My first thought was to say the lens has more effect. Without it, there is no image because, technically speaking, there would be no way to collect the available image-forming light and bring it to a common point of focus at the film plane, er... the sensor plane.
The camera controls many more functions than does the lens.
Yes, that is true. OTOH you should handle a mechanical camera at least once in your life. I suggest that you look at a 4 x 5 inch monorail/technical camera. Apart from not being able to be useful where size and speed are essential, there is nothing that such a camera cannot do. The multitude of functions and settings on current digital camera bodies have very little to do with creating/capturing images.

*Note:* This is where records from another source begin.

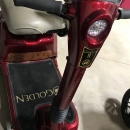 Golden Companion II scooter and Harmar power lift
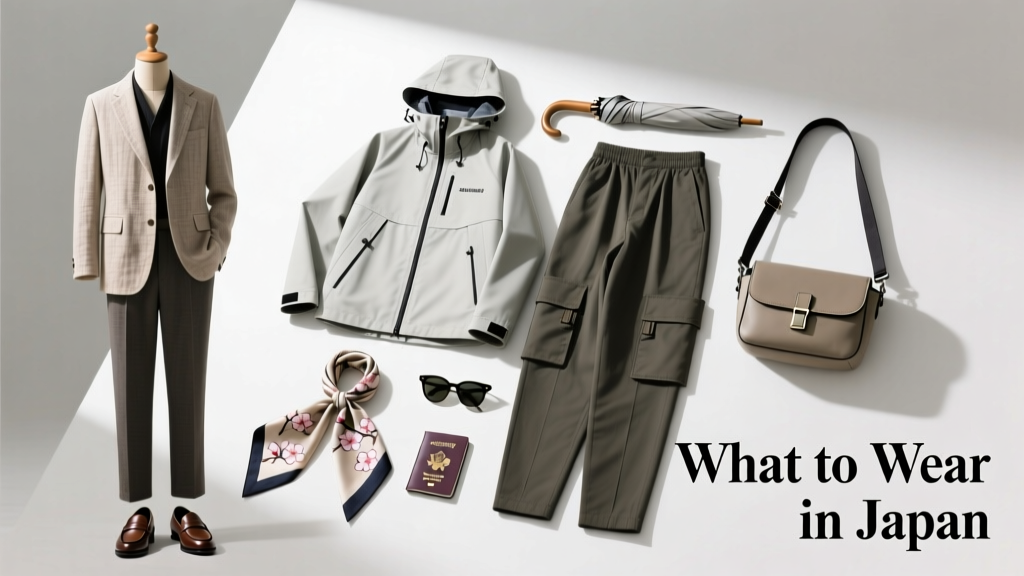 What To Wear In Japan According To A Fashion Editor: Seasonal Essentials, Fabric Science, and Street-Smart Styling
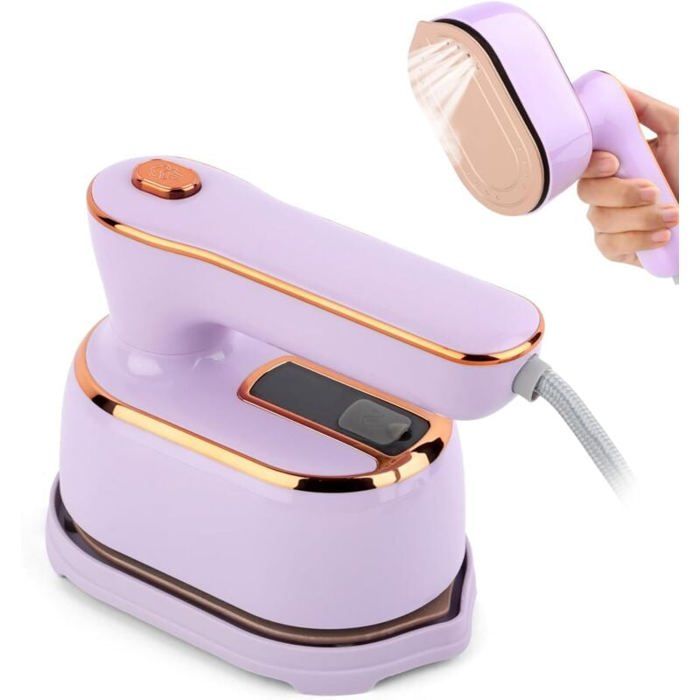 DRE-Mini fer à repasser 1000 W vapeur sec/ humide 20 s voyage & couture - Dre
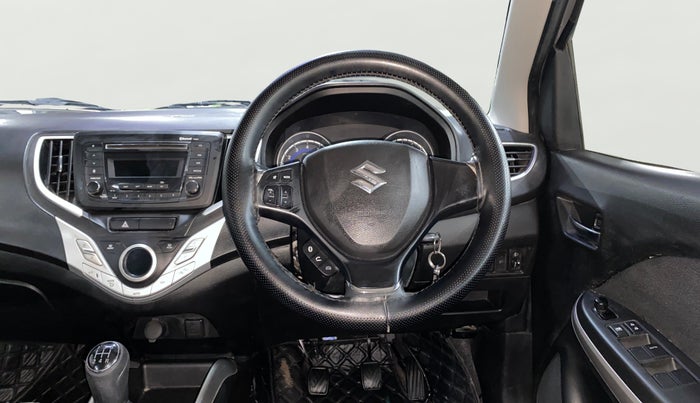 2017 Maruti Baleno DELTA PETROL 1.2, Petrol, Manual, 73,390 km, Steering Wheel Close Up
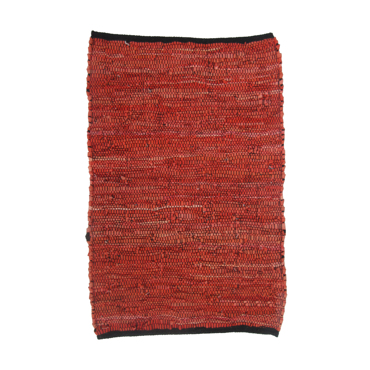 InTheBox - Maison MAROCCO Χαλί Δερμάτινο Πορτοκαλί 60x90cm 020511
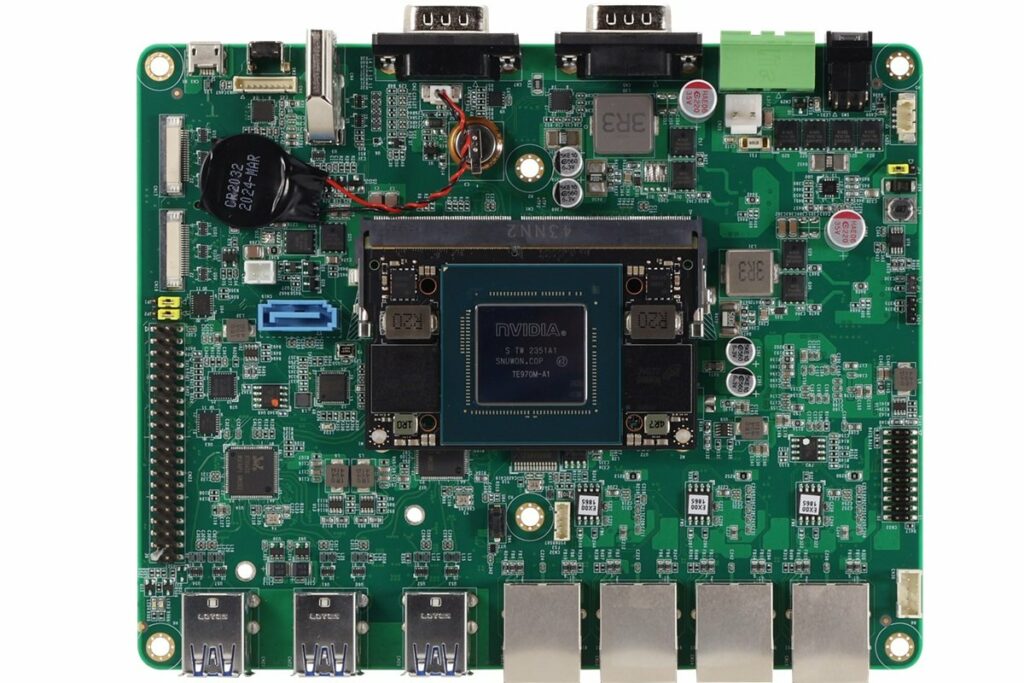 AAEON BOXER-8654AI-KIT: NVIDIA Jetson Orin NX-Based Development Kit with Extensive I/O and M.2 Expansion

How do you think white balance was achieved prior to the advent of digital imaging? What about depth of field or sharp planes of focus? All that was required to capture an image was a light tight box, a lens, a shutter with a means of releasing it (preferably with a few different speed settings) an aperture on the lens that could be adjusted to vary the amount of incoming image-forming light and a shutter release.
The complexity of digital cameras derives from the designers trying to emulate the functions and facilities that could be found on any mechanical 35mm camera body. Do you really need a separate setting for aperture priority? Set the aperture to whatever you want to based on your need and meter for that setting.
The same can be said of shutter priority. Whatever is the speed that you cannot drop below, meter for that speed. The overhead inherent in having a computer on a chip work out every possible combination of exposure values for when you want to favour the aperture or the shutter speed (even if you never use them) strikes me as less than necessary.
There was a time that one simply HAD to have a prime lens to get real quality.
Absolutely! I was one of the fools who had believed the marketing men and I had stupidly bought the much vaunted Nikkor 43 ~ 86mm f/3.5 lens, which was supposed to be a fantastic lens by all accounts. What a dog! The experience stopped me buying any more zoom lenses until 2004.
and now there's a chip in nearly everything.
Even on my shoulder... given the huge move towards automation of just about everything and that leaves me wondering how many more custom functions I need before I can become a professional photographer.
Not having any medium format experience at all, I would like to know if there are any lens issues there?
Medium format lenses have less work to do than 35mm and smaller formats. The image magnification that is required is much less and the lenses are easier to design. Whether a 6x7cm silicon sensor will show the lenses to be not good enough, is a matter for speculation. In terms of film, the lenses were able to capture a far more subtle tonal gradation than smaller formats. Images tended to look smoother and sharper at any given size of print.